US 11,816,157 B2
Efficient storage and query of schemaless data
Luis Alonso, Mountain View, CA (US); Vladislav Grachev, Bothell, WA (US); Hossein Ahmadi, Seattle, WA (US); Srinagesh Susarla, Saratoga, CA (US); Francis Lan, San Francisco, CA (US); Srinidhi Raghavan, Mountain View, CA (US); Vinay Balasubramaniam, Sammamish, WA (US); and Oleksandr Blyzniuchenko, Redmond, WA (US)
Assigned to Google LLC, Mountain View, CA (US)
Filed by Google LLC, Mountain View, CA (US)
Filed on May 5, 2021, as Appl. No. 17/308,986.
Prior Publication US 2022/0358160 A1, Nov. 10, 2022
Int. Cl.
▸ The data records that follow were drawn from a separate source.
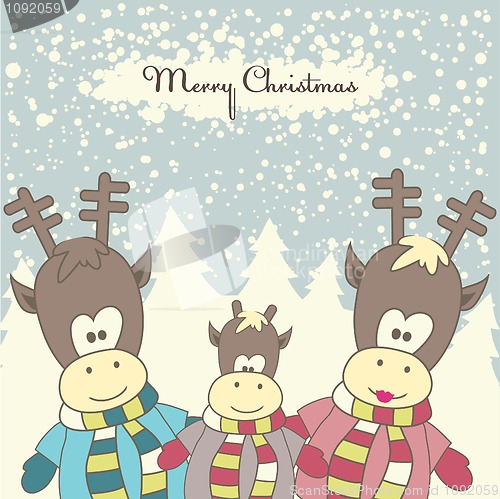 Image of Christmas card with Reindeer. Vector illustration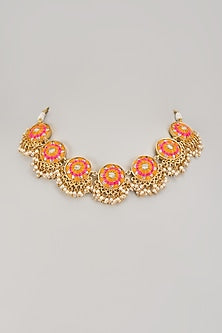 Gold Matte Finish Embellished Necklace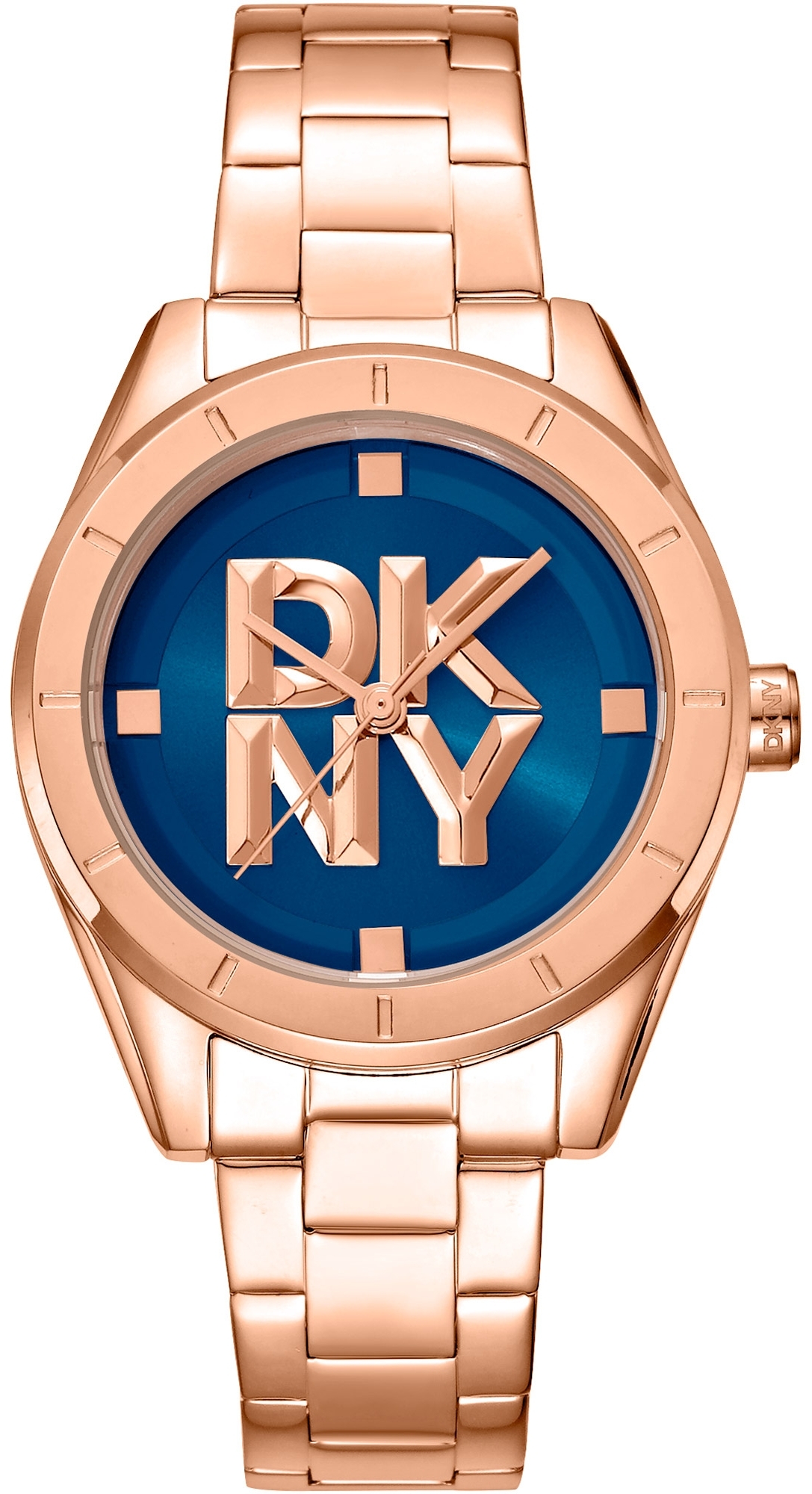DKNY Damklocka DK1L016M0075 Chambers Midi Blå/Roséguldstonat stål - DKNY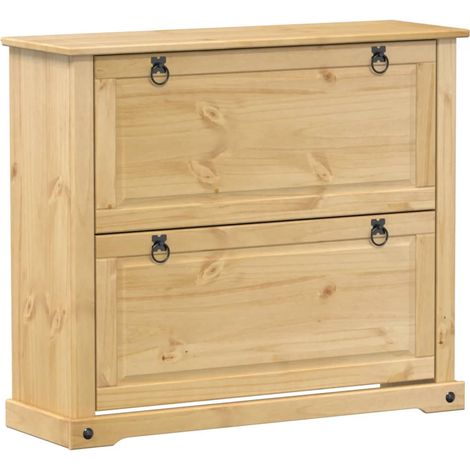 Armoire à chaussure Meuble à chaussures Corona 99x32x85 cm bois de pin massif (1/5)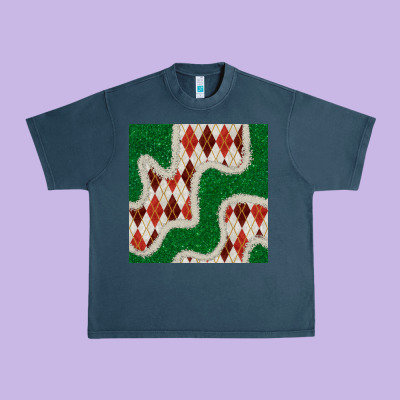 Christmas Diamond Plaid And Green Glitter Seamless Pattern Urban Heavy Tee Designed By Bundleandbundleshop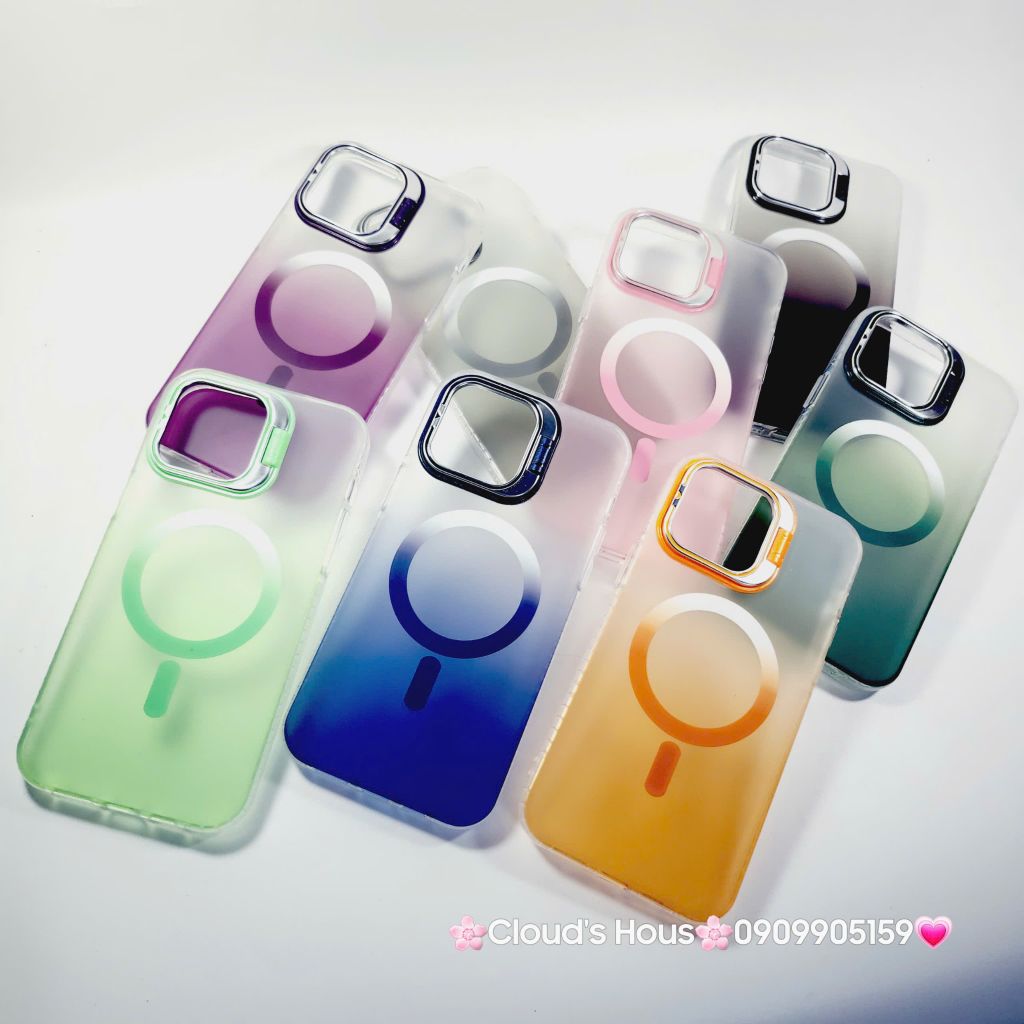 Case Ốp điện thoại iPhone Likgus Nhám Ombre Magsafe Viền Màu Không Vàng Chống Dựng khung Camera iPhone 16/Pro/Promax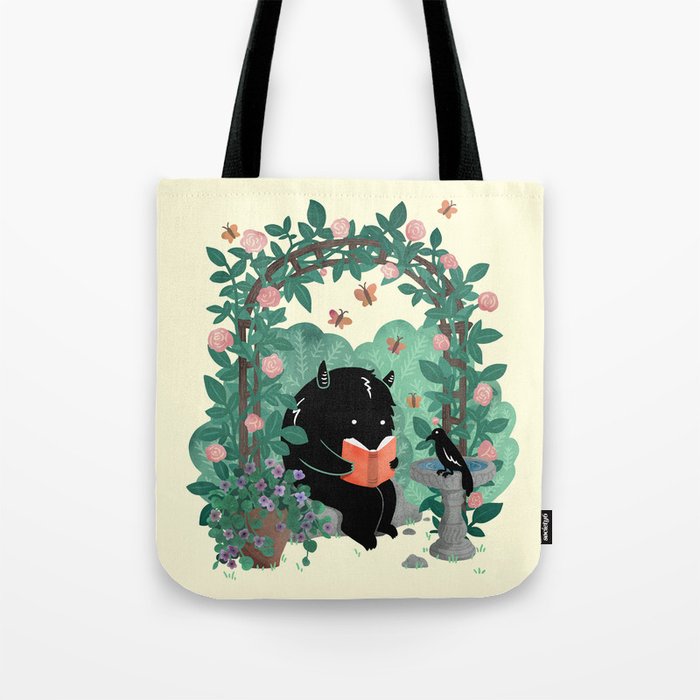 A Quiet Summer Spot (Monster Book Lover) Tote Bag Gallery Image 1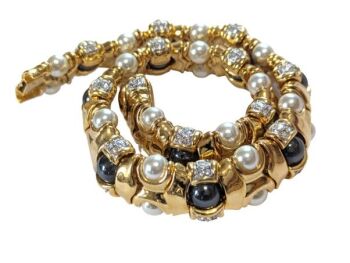 Vintage Cabouchon gold plated necklace / choker / collar with Austrian crystals, high quality faux pearl, and hematite. Size small.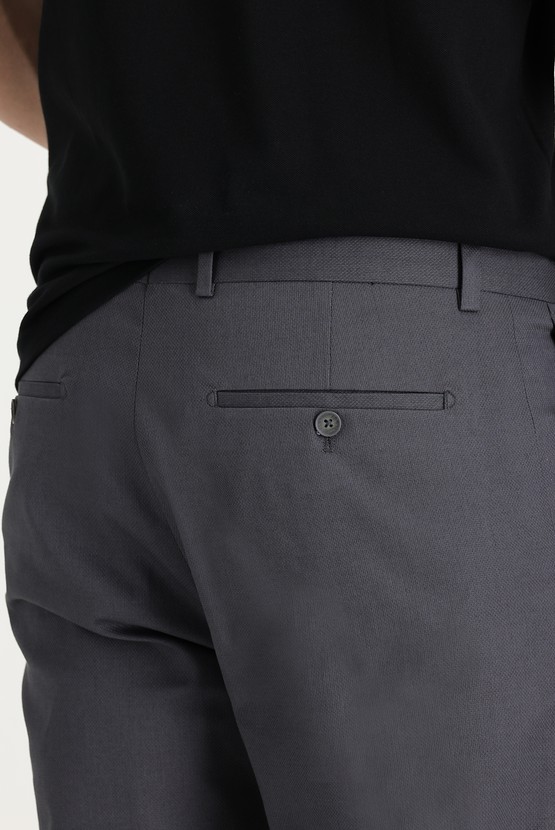 Erkek Giyim - Super Slim Fit Ekstra Dar Kesim Desenli Klasik Kumaş Pantolon
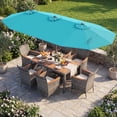 thumbnail image 4 of Costway 8 PCS Outdoor Wicker Dining Furniture & Double-Sided Umbrella with Solar LED Lights Turquoise+Mix Gray, 4 of 6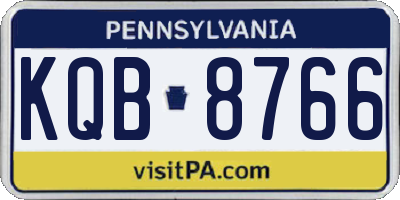 PA license plate KQB8766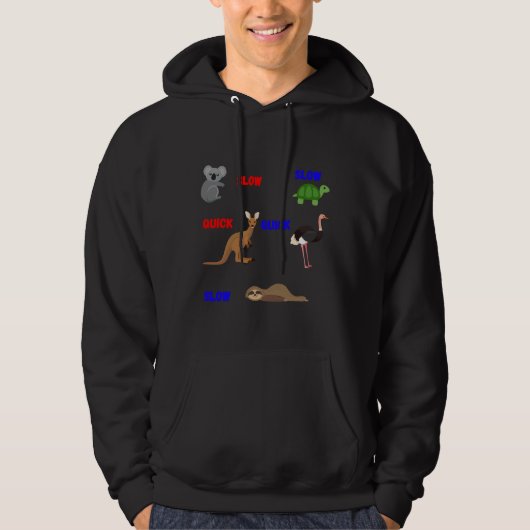 Funny Koala Tortoise Kangaroo Ostrich Sloth Hoodie (Voorkant)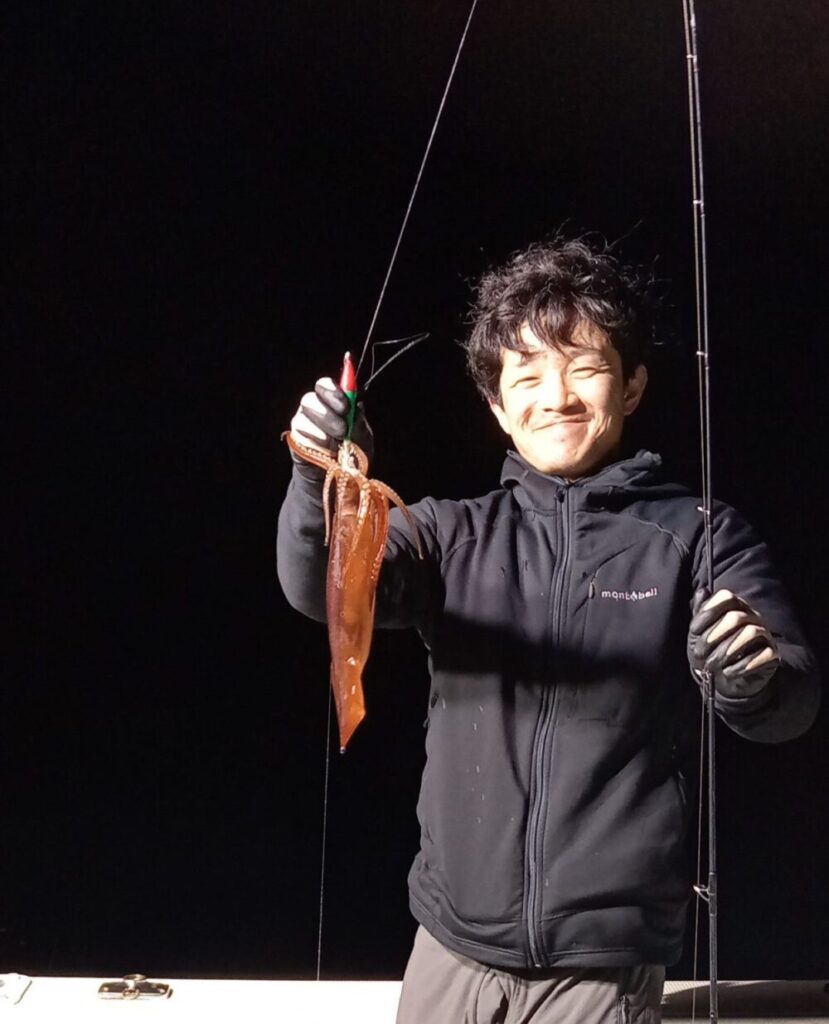 壱岐の遊漁船流星Ⅱで釣れたケンサキイカ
G06F 16/84 (2019.01); G06F 16/2452 (2019.01); G06F 16/22 (2019.01); G06F 16/25 (2019.01)
CPC G06F 16/86 (2019.01) [G06F 16/2282 (2019.01); G06F 16/2452 (2019.01); G06F 16/258 (2019.01)] 18 Claims
OG exemplary drawing
 
1. A computer-implemented method when executed by data processing hardware causes the data processing hardware to perform operations comprising:
receiving user data from a user of a query system, the user data comprising semi-structured user data, the query system in communication with a database, the database comprising a table comprising semi-structured data and structured data;
receiving an indication that the semi-structured user data fails to comprise a fixed schema;
in response to the indication that the semi-structured user data fails to comprise the fixed schema, extracting, without user input, a schema for the semi-structured user data by:
parsing the semi-structured user data into a plurality of data paths; and
extracting a data type associated with each respective data path of the plurality of data paths;
storing, according to the extracted schema, the semi-structured user data as a row entry in the table of the database in communication with the query system, wherein each column value of the extracted schema associated with the row entry corresponds to a respective one of the plurality of data paths and the data type associated with the respective data path;
receiving, from the user of the query system, a query for data associated with the database; and
in response to the query:
determining, based on the extracted schema, a respective data path of the stored semi-structured data that is responsive to the query;
generating, using the extracted schema, a query response comprising a respective column value of the row entry corresponding to the respective data path of the stored semi-structured data responsive to the query; and
transmitting the query response to the user.